Sayang, Uskup Sani meninggal terlalu dini ketika umurnya baru 48 tahun. Sekadar diketahui, Uskup Sani ditahbiskan menjadi imam tahun 1950 di Seminari Tinggi Teteringen, Belanda. Dari Belanda beliau melanjutkan studi mengambil jurusan Hukum Gereja di Universitas Gregoriana, Roma. Tahun 1955, beliau kembali ke Ledalero dan menjadi dosen Indonesia pertama di Ledalero. Tahun 1961 ketika terjadi pemekaran wilayah Gerejani di Indonesia, beliau diangkat menjadi Uskup Denpasar pada umur 37 tahun. Uskup pertama dari Flores, kedua dari Nusa Tenggara dan keempat dari Indonesia ini tercatat sebagai uskup termuda di dunia saat mengikuti Konsili Vatikan II (1962-1965) di Roma.

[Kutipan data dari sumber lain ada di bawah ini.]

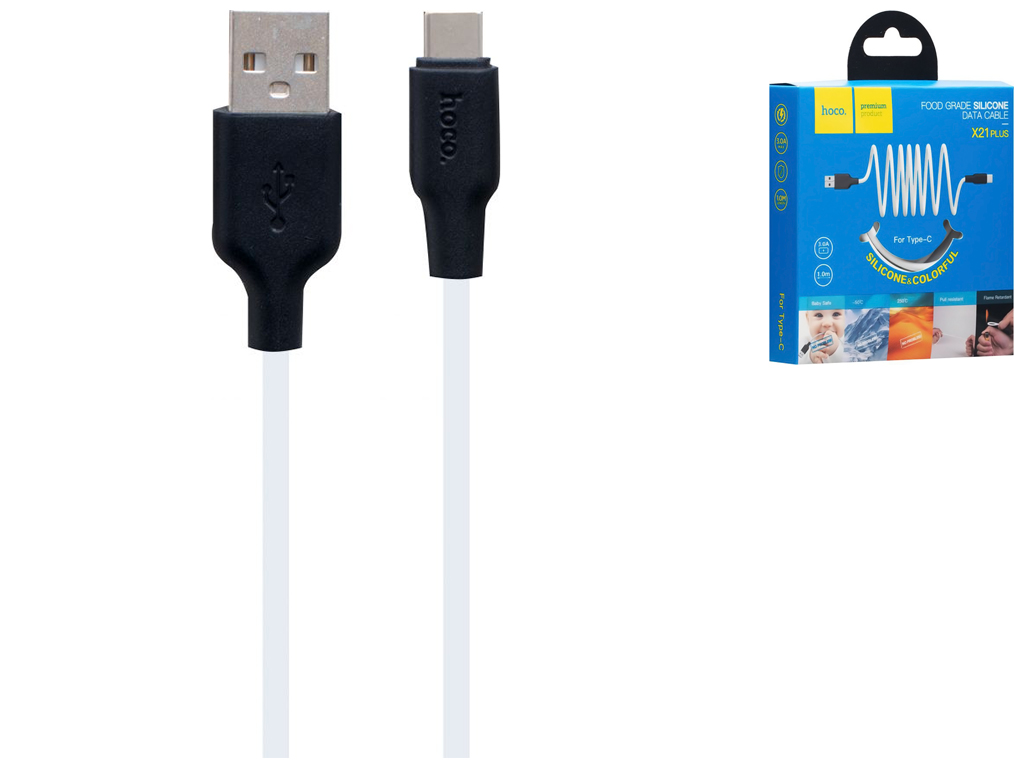 Кабель USB Hoco X21 Plus Silicone Type-C, Чёрно-Белый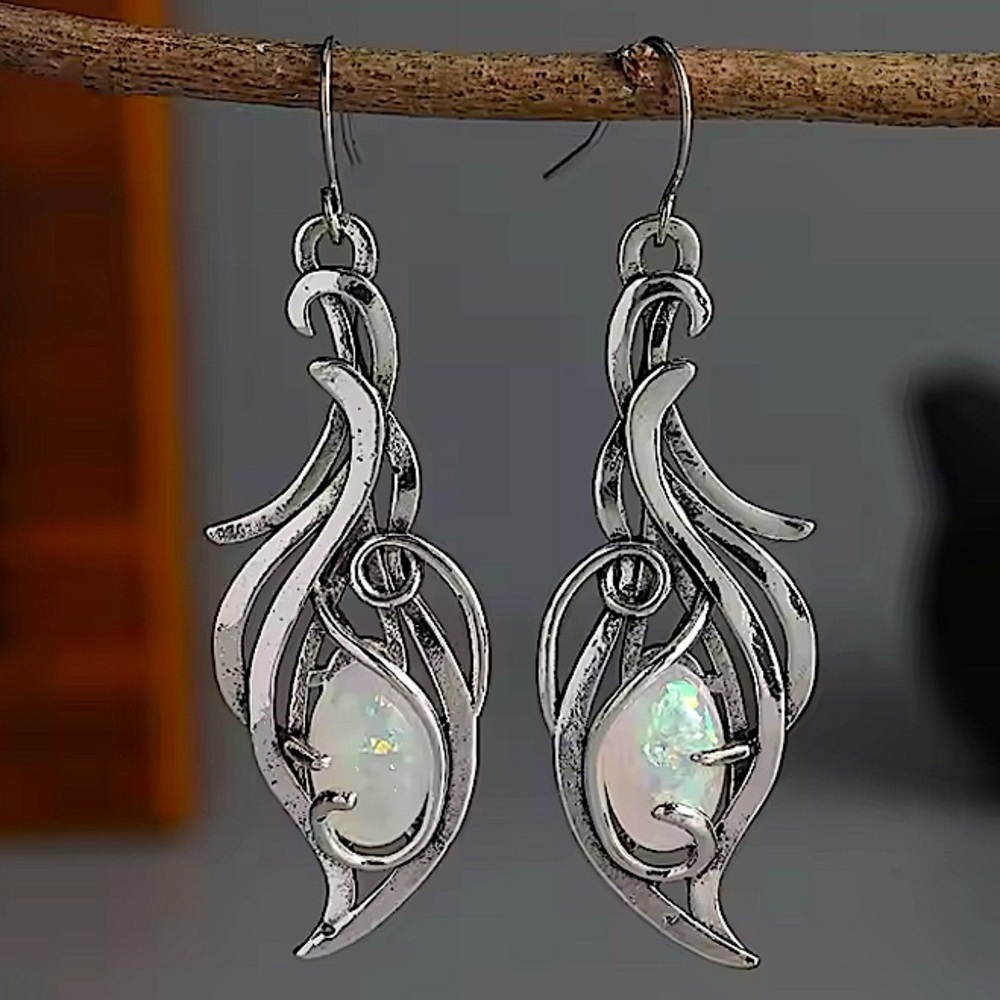 Vintage Opalescent Silver Dangle Earrings Bohemian Tribal Artisan Handmade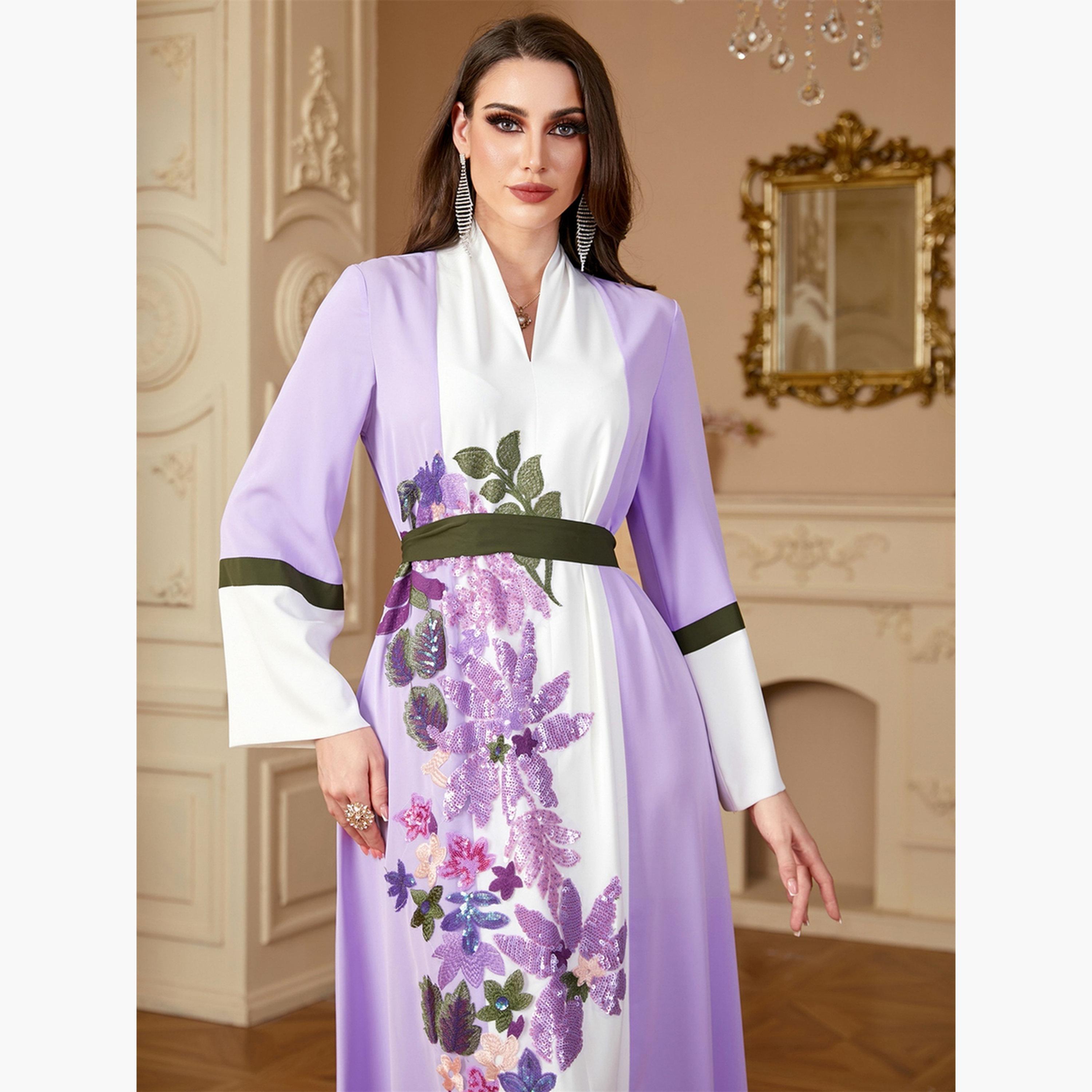 جلابية بحزام وتفاصيل رقعة ترتر-women-arabicclothing-jalabiyas-image-5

Kebesaran, kemuliaan, keagungan yang terlihat dari Uskup Sani, jejak yang ditinggakan Pater Yan Bala Letor, juga Pater Anton Sigoama Letor (tahbisan imam tahun 1955) tempo dulu mempunyai andil besar dan menjadi motivasi awal bagi banyak anak Waibalun masuk seminari. Syukur, banyak yang jalan terus dan ditahbiskan menjadi imam. Tetapi yang mengambil jalan lain dan tidak menjadi imam tetap memperlihatkan spirit lewo (kampung) di berbagai medan bakti seperti dosen, guru, wartawan, penulis, politisi, dan lain-lain.
Penutup
Ketika sekarang Paulus Budi Kleden diangkat menjadi Uskup Agung Ende, muncul kesadaran dalam keluarga Kleden : inilah anak suku terbaik yang dipersembahkan keluarga untuk Gereja, untuk umat dan untuk masyarakat banyak. Tahun 1961 keluarga Kleden sudah mempersembahkan Mgr. Dr. Paulus Antonius Sani Kleden, SVD menjadi Uskup Denpasar. Tahun ini, 63 tahun kemudian, keluarga Kleden kembali mempersembahkan anak suku Mgr. Dr. Paulus Budi Kleden, SVD menjadi Uskup Agung Ende. Dari Sani ke Budi, inilah persembahan keluarga Kleden.
- Tony Kleden, wartawan, tinggal di Kupang
Catatan : Tulisan ini diambil dari Buku “Menyambut Mgr. Paulus Budi Kleden SVD, Caritas Fraternitatis Maneat In Vobis, Peliharalah Kasih Persaudaraan“, editor : Maria Matildis Banda dan Fransiskus Zaverius Maria Deidhae. Diterbitkan di sini dengan izin editor.